Un dernier opposant campant dans un arbre à Saïx, dans le Tarn, a dû le quitter en début de semaine, après une nouvelle intervention des gendarmes, et la dernière Zone à défendre (ZAD) tarnaise sur le tracé a donc été rasée.
Sur le terrain de Verfeil, à quelque 25 km de Toulouse, une quinzaine de zadistes déjeunent autour d'une table ou s'affairent pour préparer la suite.
Trois jeunes, certains d'entre eux cagoulés, clouent des planches en bois pour faire une cabane qui restera au sol.
Trois autres, marteau en main, en fabriquent une plus petite, destinée à être remontée à l'aide de poulies en haut d'un des grands arbres devant être abattus.
"Nous sommes déterminés" à tenir, souligne un autre zadiste d'une trentaine d'années qui souhaite aussi rester anonyme.
Tentatives d'incendie
Des cabanes comparables sont déjà installées en haut de certains grands arbres de ce terrain de 8.000 m2 qui en compte une vingtaine et entoure une maison où réside Alexandra, 44 ans, qui elle non plus ne souhaite pas donner son nom.
Cette locataire de l'ancien propriétaire - "qui m'a vendue avec la maison", regrette-t-elle - aurait voulu "tenir" elle-aussi face à l'avancée du chantier qui, pour l'instant, s'arrête net à quelques mètres de son terrain.
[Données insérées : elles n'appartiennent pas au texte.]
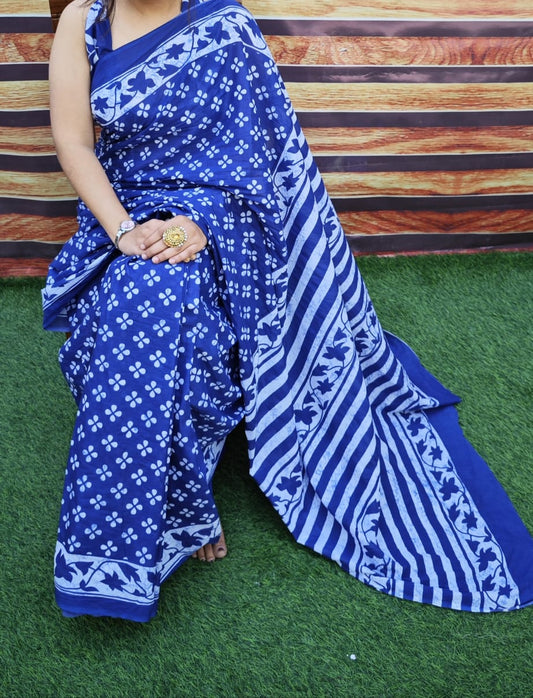 Premium Jaipur Cotton Mulmul Saree with Traditional Handblock Print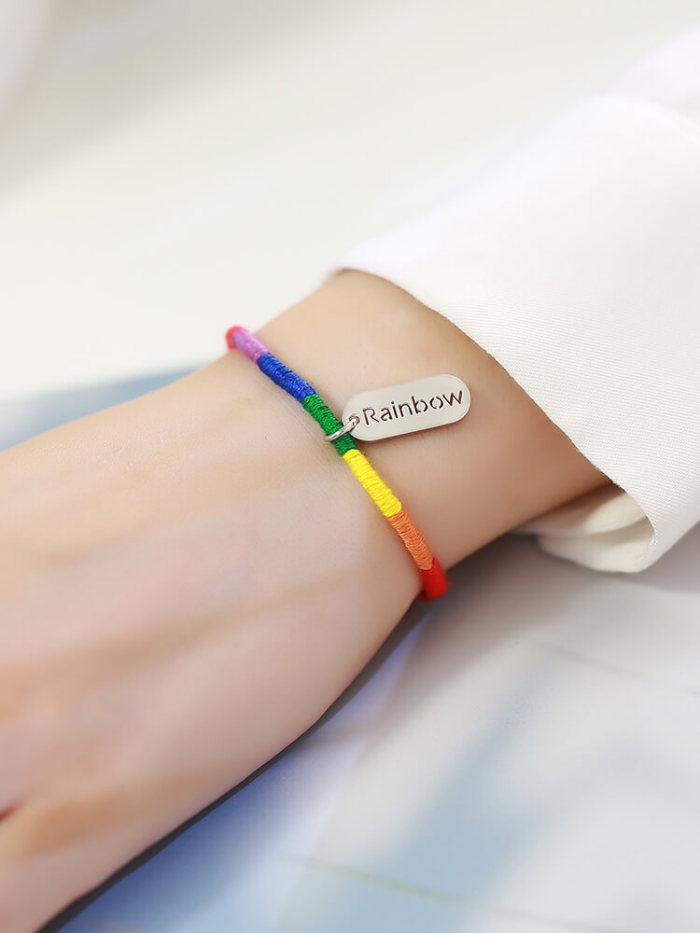Wholesale Stainless Steel Colorful Rainbow Bracelets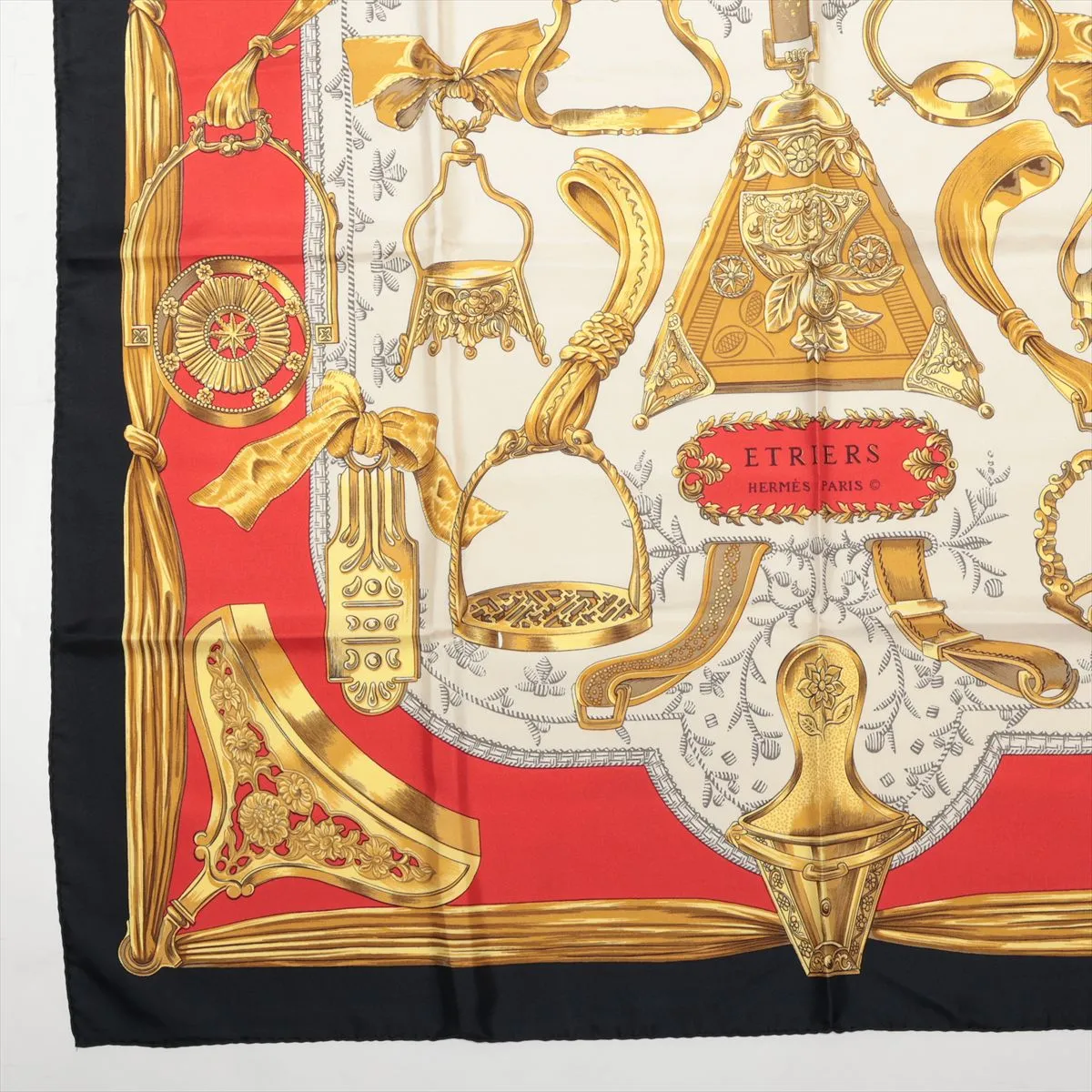 Carre 90 ETRIERS Stirrup Scarf Silk Black Thread — view 5
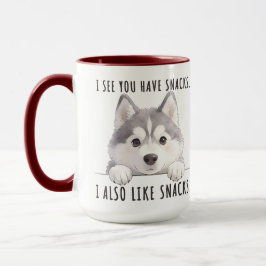 Caneca Cute Husky Dog Snacks Quote Funny Minimalist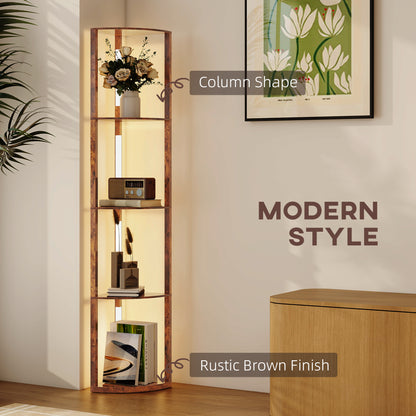Corner Floor Lamp with Dimmable Warm White LED Light, Rustic Brown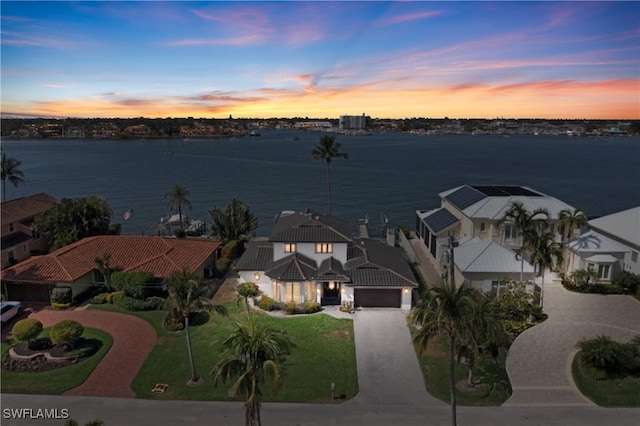 property view of water with a residential view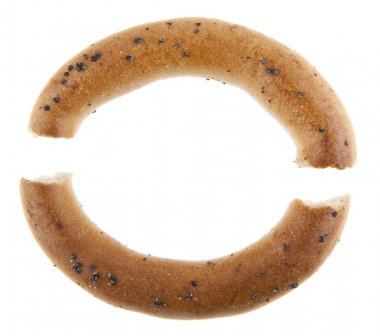 beyaz zemin üzerine simit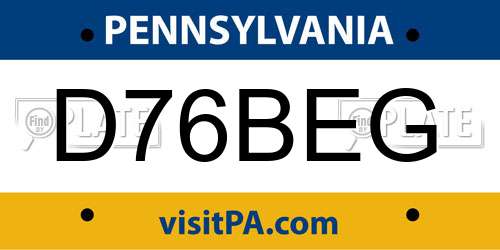 D76BEG Pennsylvania License Plate
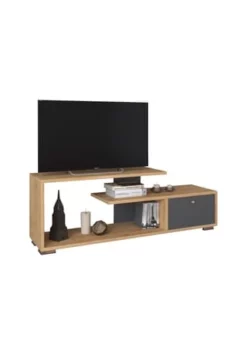 VCM. - My Media Holz TV Lowboard Fernsehschrank Konsole Fernsehtisch Fernseh Schublade Mazusa Honig-Eiche / Anthrazit
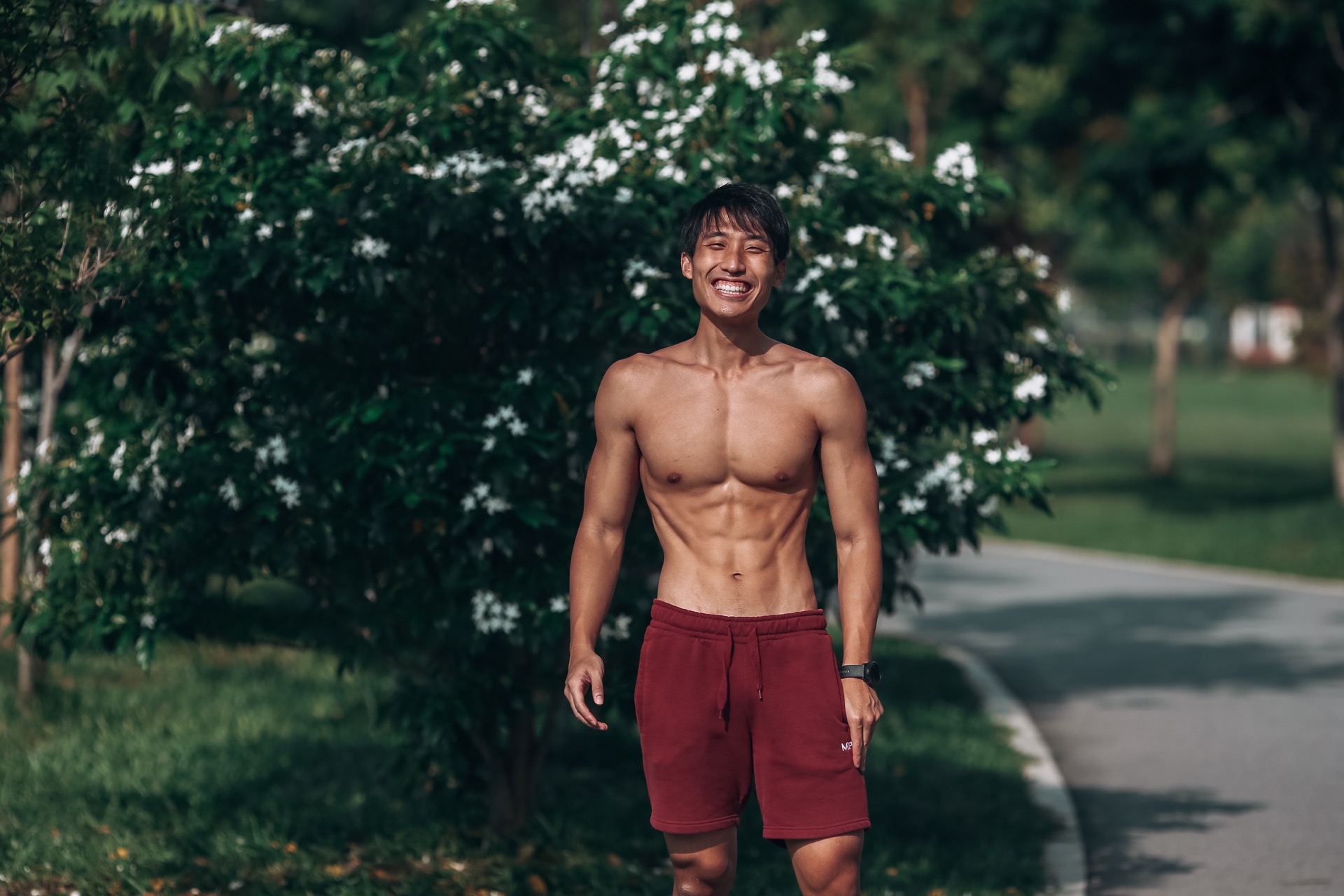 Zermatt Neo outdoors in red training shorts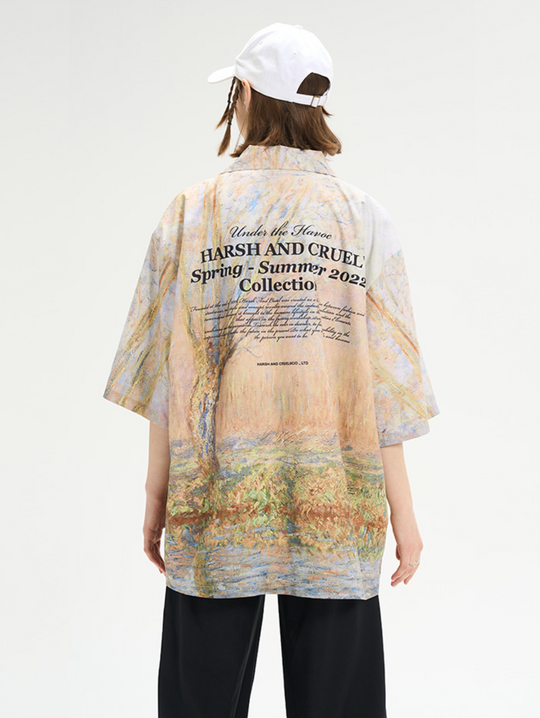 Harsh and Cruel Vintage Forest Lake Oil Painting Cuban Shirt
Mais elle a fini par accepter de conclure un accord de relogement avec Atosca et compte quitter les lieux lundi, n'y laissant que les "écureuils": "Après deux incendies, des coupures d'eau et de courant, j'ai dit +non, c'est bon+. J'ai un petit de quatre ans. Il n'a pas l'âge de mourir".
Le parquet de Toulouse a notamment ouvert deux enquêtes pour "dégradation par incendie" sur ce terrain les 26 août et 1er septembre.
Ce jour-là, avait constaté un journaliste de l'AFP, des traces de feu étaient visibles sur le siège de la voiture d'Alexandra, garée dans le jardin près de la maison, ainsi qu'à l'entrée du terrain, où la boîte aux lettres avait notamment brûlé.
Le parquet de Castres mène par ailleurs une enquête pour "dégradation par incendie" et "violences en réunion" dans un autre campement d'opposants, situé dans le Tarn, mais pas sur le tracé de l'A69.
"Fonctionnement plus normal"
De son côté, Atosca a porté plainte plus de 150 fois pour des dégradations sur le chantier qui s'étend sur des dizaines de kilomètres, mobilise 1.200 personnes et 300 machines de terrassement "qui travaillent tous les jours", selon le concessionnaire.
"On a encore ponctuellement quelques dégradations (...) et il y a eu aussi quelques jets de pierres sur nos personnels il y a quelques jours", précise M. Gerlinger, tout en espérant que "maintenant que les pages se tournent, on puisse revenir à un fonctionnement plus normal".
Outre la présidente PS de la région Occitanie, Carole Delga, de nombreux élus tarnais sont favorables à l'A69.
En revanche, des collectifs et mouvements écologistes dénoncent la destruction de zones humides, terres agricoles, arbres, écosystèmes et nappes phréatiques, et soulignent que l'actuelle route nationale est loin d'être saturée.
Atosca, qui évalue la surface déboisée pour construire l'autoroute à 13 hectares, met notamment en avant les 71 hectares de "compensation de zones forestières" prévues, comprenant des replantations le long du tracé.
Depuis plusieurs mois, la construction de cette portion d'autoroute de 53 km qui réduirait d'une vingtaine de minutes le trajet Castres-Toulouse, fait l'objet d'une vive contestation avec d'importants rassemblements où les opposants se heurtent aux forces de l'ordre.
Dès lundi, un nouveau bras de fer pourrait commencer entre Atosca, soutenu par les forces de l'ordre, et les zadistes.